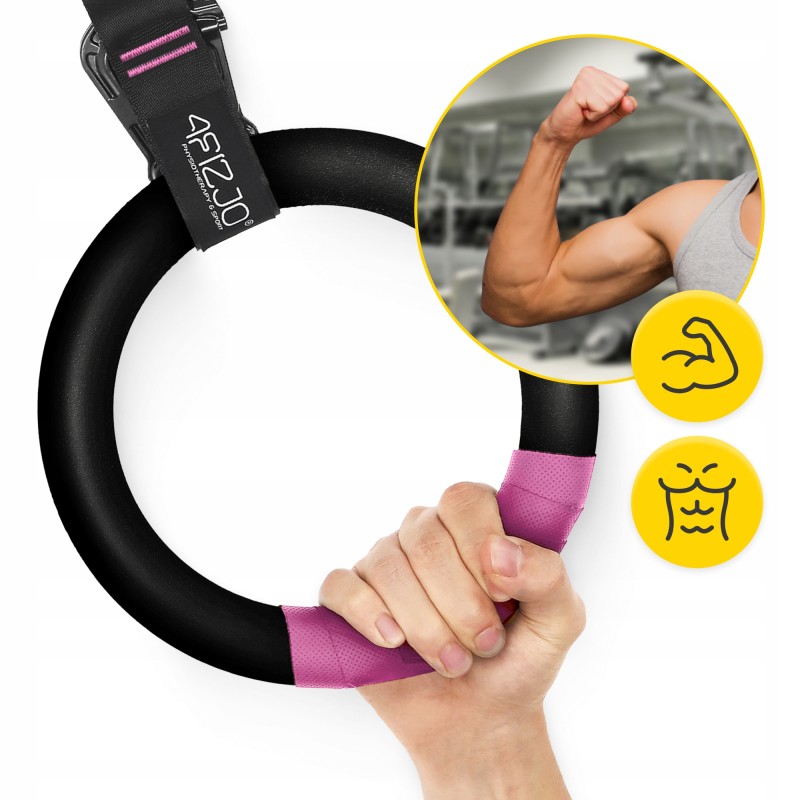 Гімнастичні кільця 4FIZJO з ABS пластику, регульовані Black/Pink (P-5905973406116)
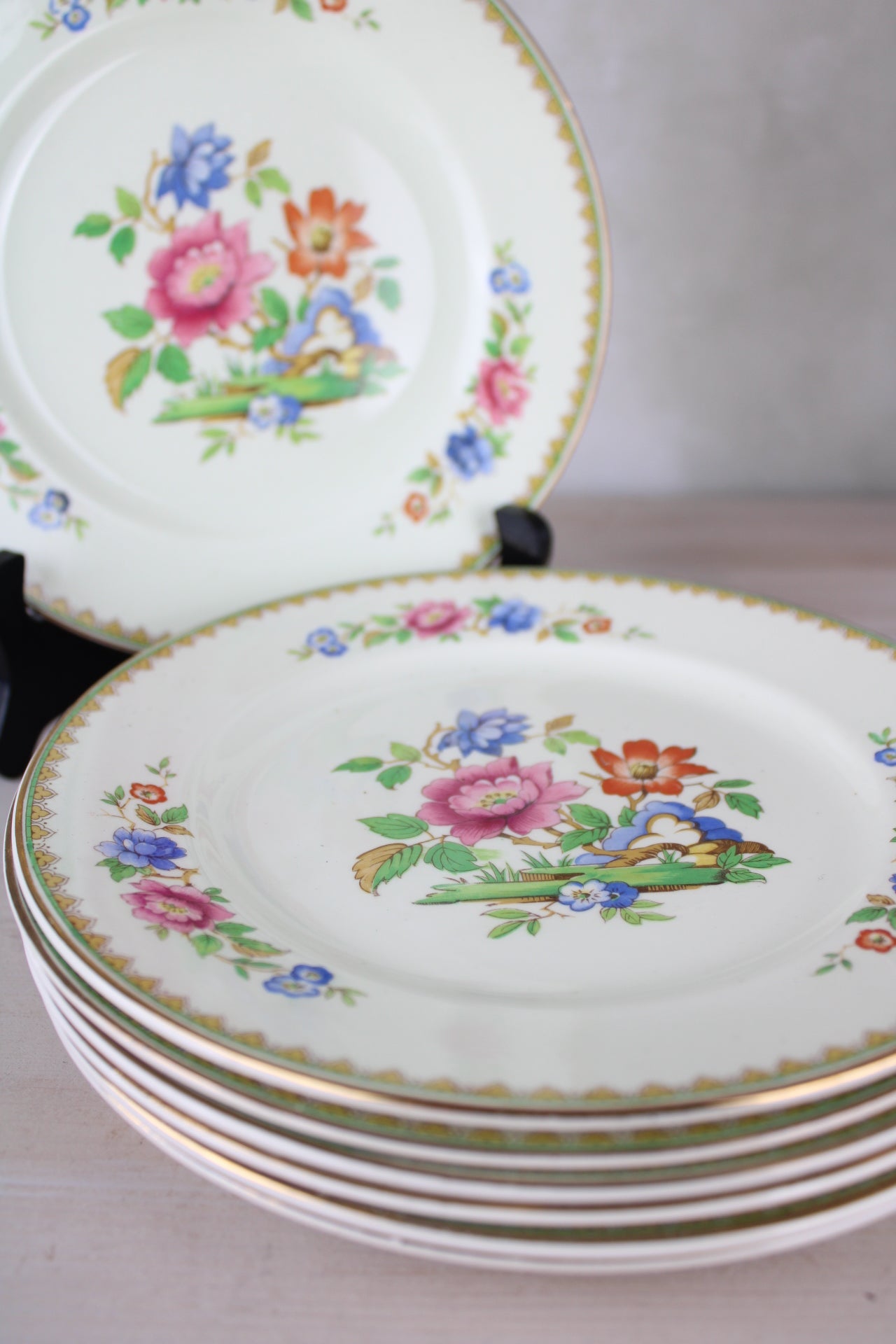 Set of 6 Portland Pottery Large Vintage Side Plates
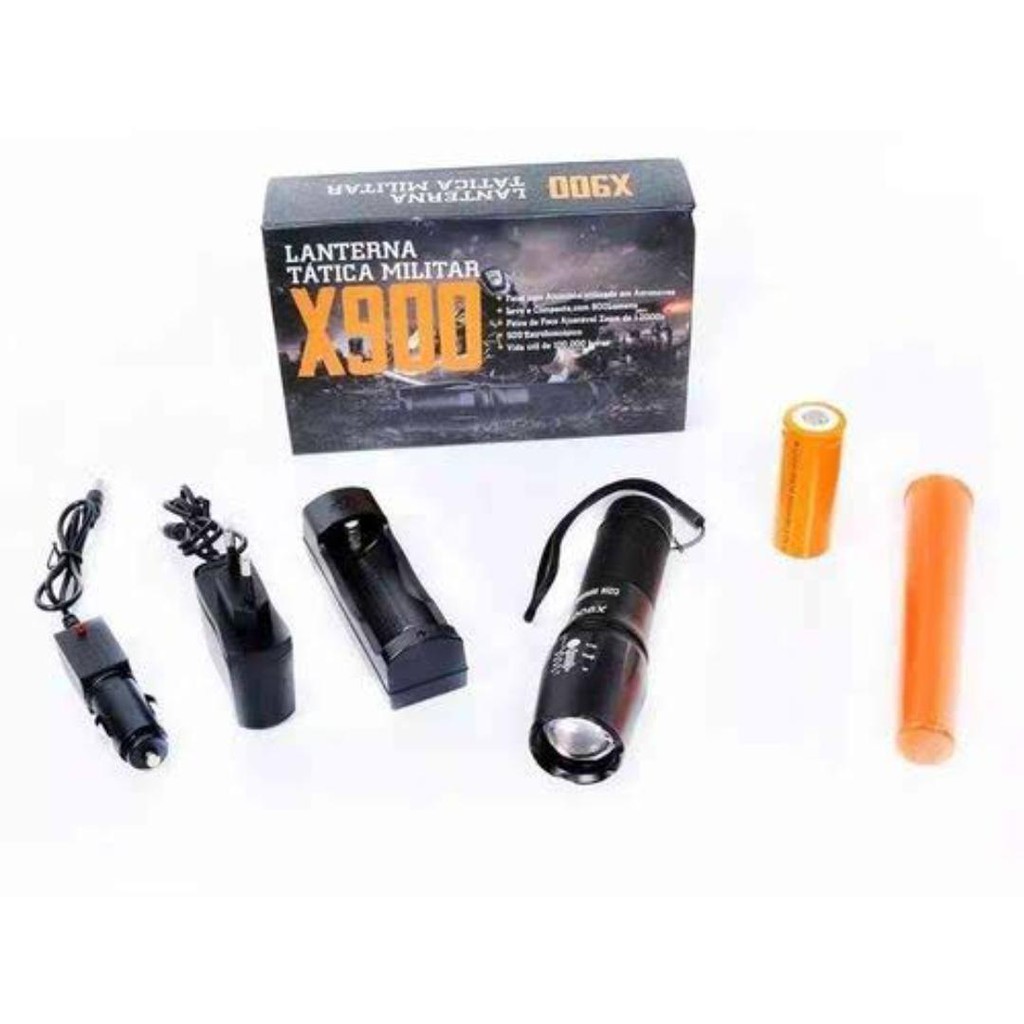 Lanterna Tática Militar X900 Recarregável C/ Zoom Completa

────────

**Exercise goal:** Write out, with no pictures, only the lines from the line containing "Set of 6 Portland" through the last line of the listing above, exactly and with both ends included.

**Exercise result:**
 Set of 6 Portland Pottery Large Vintage Side Plates
 Lanterna Tática Militar X900 Recarregável C/ Zoom Completa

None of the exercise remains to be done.